Raporda kadınların istihdam edildikleri işlerin nitelik ve beceri taleplerine bakıldığında son on yılda yüksek nitelikli işlerde istihdamın azaldığı, düşük nitelikli işlerde istihdamın arttığı; pandeminin işgücüne katılımın üzerindeki olumsuz etkisinin erkeklere nazaran kadınlarda daha fazla olduğu ve kadınların eğitim seviyesi arttıkça pandeminin yarattığı olumsuz etkinin arttığı; üniversite sayılarındaki artışın kadınların eğitim düzeyini arttırdığı ancak yüksekokul mezunu kadınların istihdamında sektörel farkların dikkat çektiği; İstanbul’da her üç genç kadından birinin ne istihdam ne eğitimde yer aldığı; kadınların ücretli işgücünde yer almasına yönelik tutumlar ile işgücüne katılımları arasında paralellik gözlendiği gibi bulgular yer alıyor.

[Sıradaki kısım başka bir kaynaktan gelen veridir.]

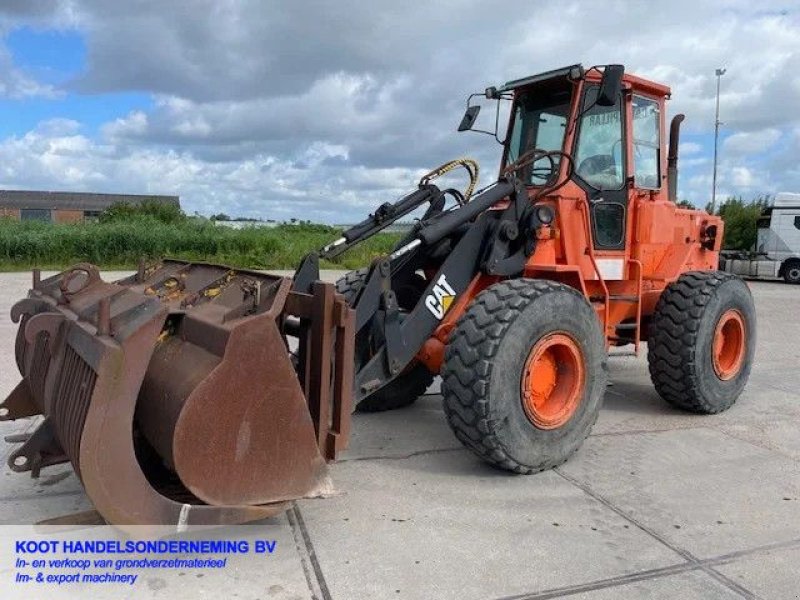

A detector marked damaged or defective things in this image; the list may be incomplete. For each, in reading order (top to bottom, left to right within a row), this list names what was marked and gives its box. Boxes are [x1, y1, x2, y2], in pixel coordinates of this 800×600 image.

rusty metal surface [1, 258, 354, 524]
rust-covered bucket [2, 262, 354, 524]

Raporda öne çıkan diğer unsurlar ise;
- 2004-2021 yılları arasında niteliksiz işlerde kadın istihdamı %3 artarken, nitelik gerektiren işlerde kadın istihdamı %21’lerden %11’lere geriliyor.
- Yönetici pozisyonundaki kadınların oranı 2004 yılında %7 seviyesinden 2021 yılında %20 seviyesine ulaşıyor. Bu oran 2021 yılı için OECD ülkelerinin ortalamasının (%33,7) altında.